▸ **Work item**:
Repeat the data that follows, word for word, without the images.

==========

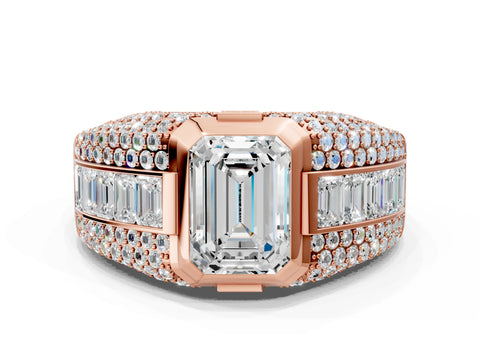 Rose gold Emerald Cut Diamond Mens Ring with Side Stones_24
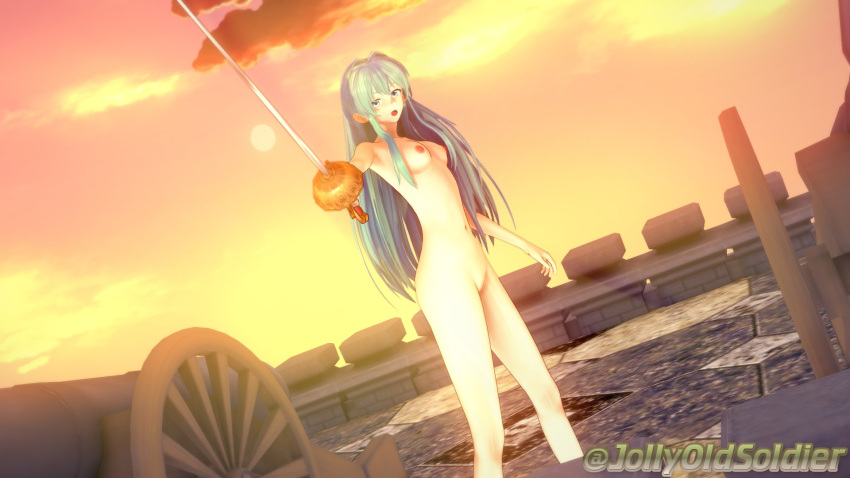 1girls 3d blue_eyes blue_hair breasts eirika_(fire_emblem) female female_only fire_emblem fire_emblem:_the_sacred_stones jollyoldsoldier long_hair navel nintendo nipples nude nude_female open_mouth outdoors pussy rapier solo sunset sword weapon wheel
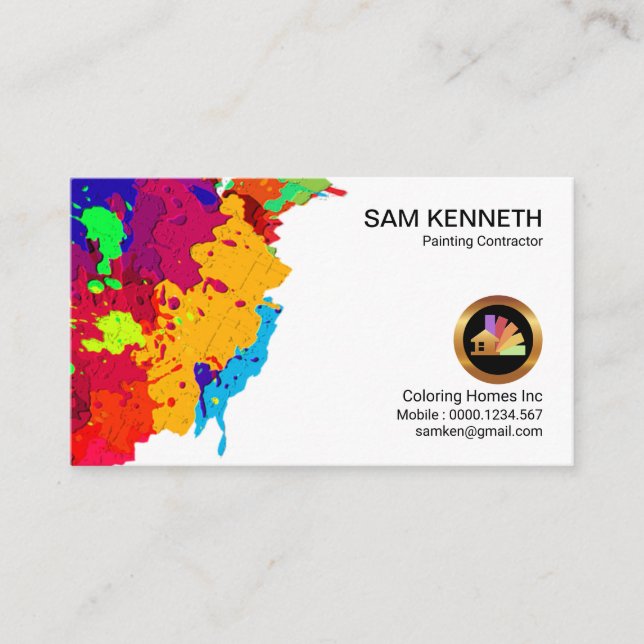 Colourful Creative Paint Splatter Peeling Paint Business Card (Front)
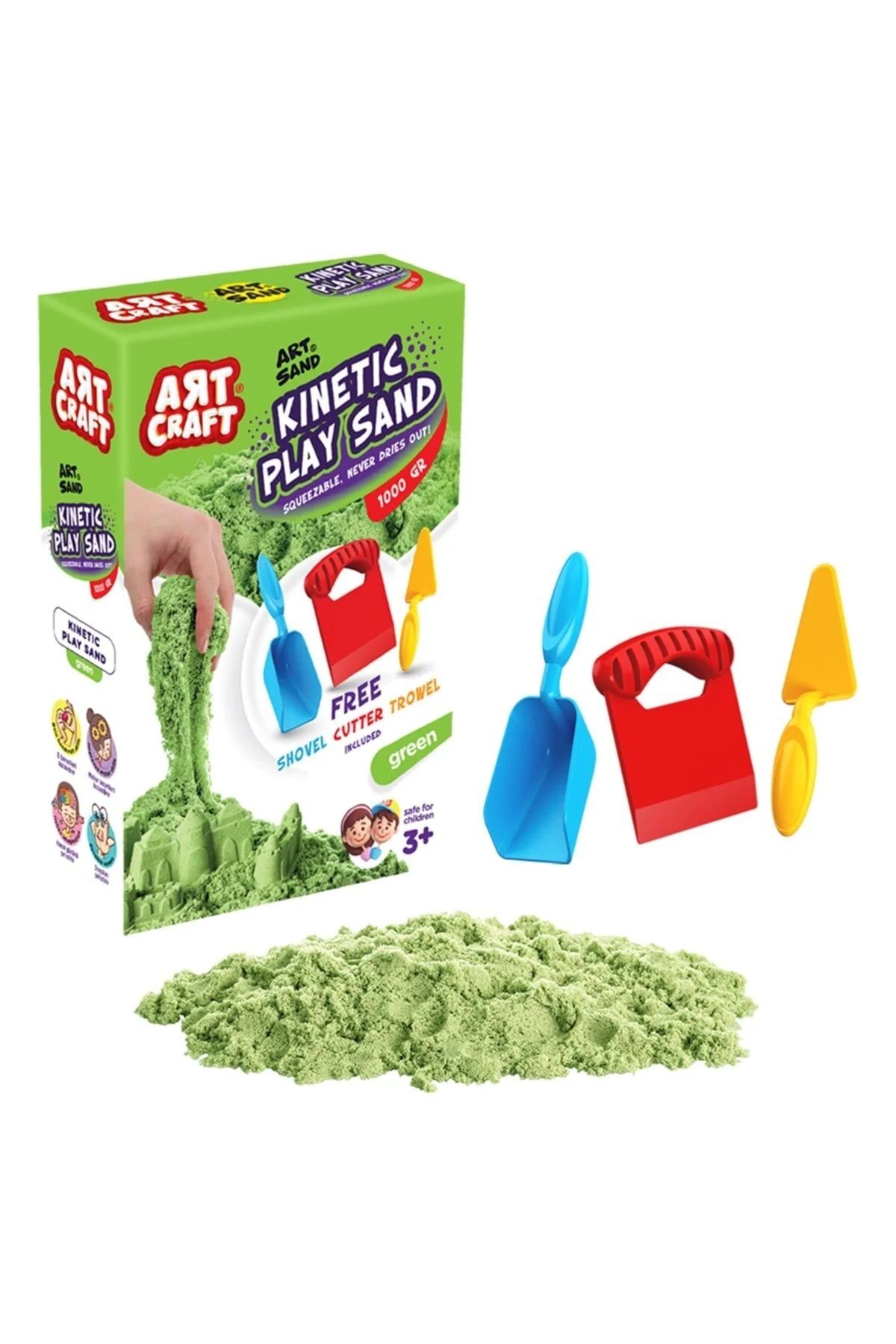 Aksesuarlı Yeşil Kinetik Oyun Kumu (1000 gr.) - Art Craft Kinetik Kum Seti - Art Sand Kumu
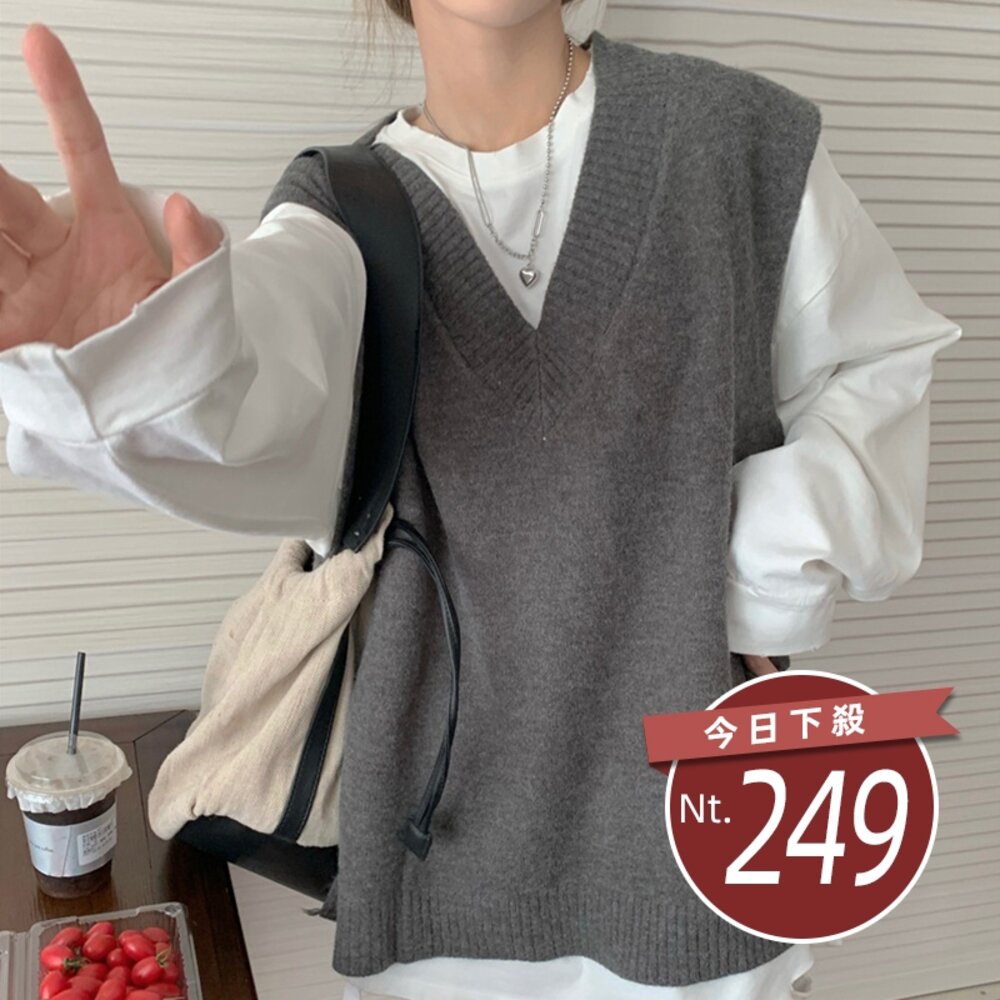 24313216093-【台灣發貨】韓版寬鬆V領開叉針織背心 小可愛 背心 衣服 外套 防曬外套 女裝 上衣【W248】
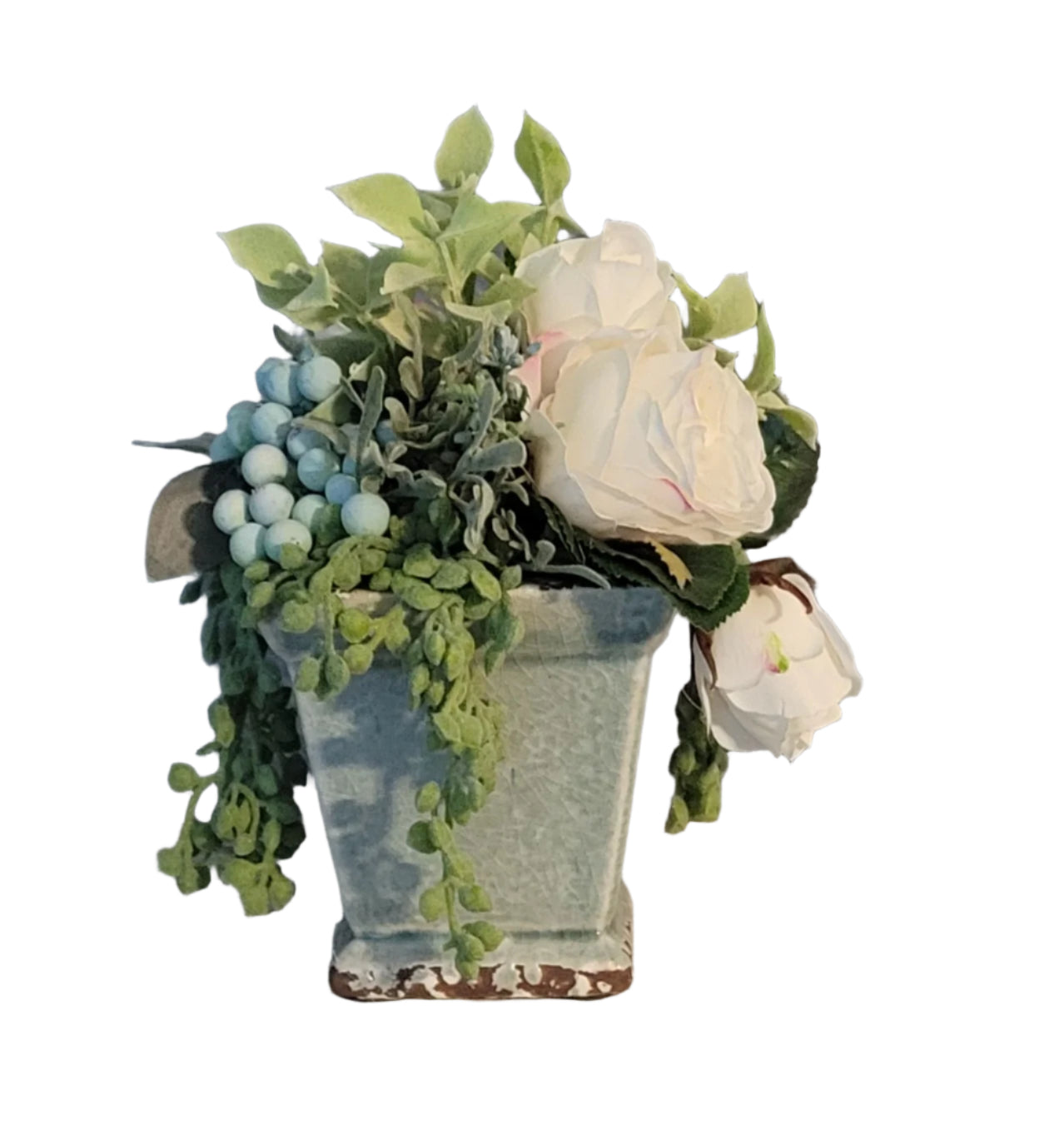 8" Tall Blue and Cream Floral⁹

==========

▸ **Written answer**:
 Rose gold Emerald Cut Diamond Mens Ring with Side Stones_24
 1girls 3d blue_eyes blue_hair breasts eirika_(fire_emblem) female female_only fire_emblem fire_emblem:_the_sacred_stones jollyoldsoldier long_hair navel nintendo nipples nude nude_female open_mouth outdoors pussy rapier solo sunset sword weapon wheel
 Colourful Creative Paint Splatter Peeling Paint Business Card (Front)
 Aksesuarlı Yeşil Kinetik Oyun Kumu (1000 gr.) - Art Craft Kinetik Kum Seti - Art Sand Kumu
 24313216093-【台灣發貨】韓版寬鬆V領開叉針織背心 小可愛 背心 衣服 外套 防曬外套 女裝 上衣【W248】
 8" Tall Blue and Cream Floral⁹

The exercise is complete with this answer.